### WORK TO BE COMPLETED
Pictures are to be left out. Return exactly the lines below from the one with "14k 2.75mm Flat Figaro Chain-FFL070-16" up to and including the one with "Vintages Gemälde von".

### SUPPLIED INFORMATION
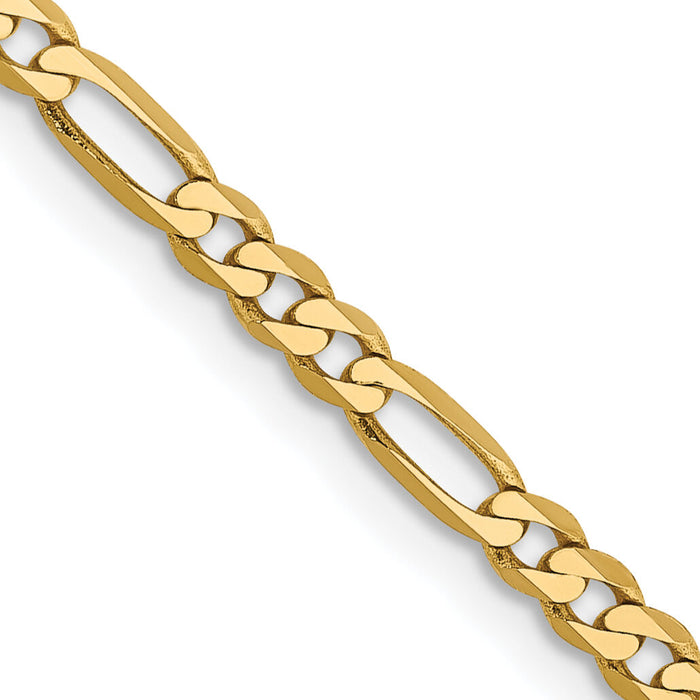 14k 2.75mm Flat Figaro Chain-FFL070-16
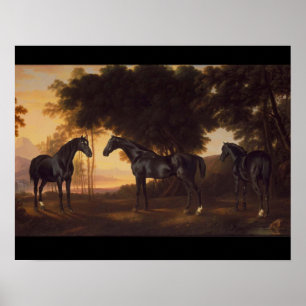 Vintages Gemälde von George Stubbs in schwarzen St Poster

==

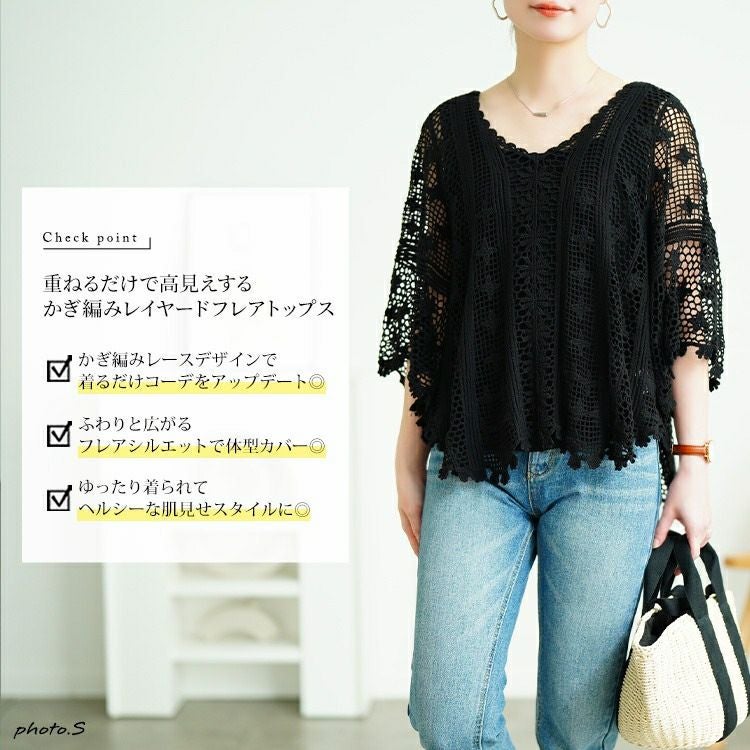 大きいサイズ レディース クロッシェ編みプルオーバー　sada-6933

### SOLUTION TO THE PROBLEM
 14k 2.75mm Flat Figaro Chain-FFL070-16
 Vintages Gemälde von George Stubbs in schwarzen St Poster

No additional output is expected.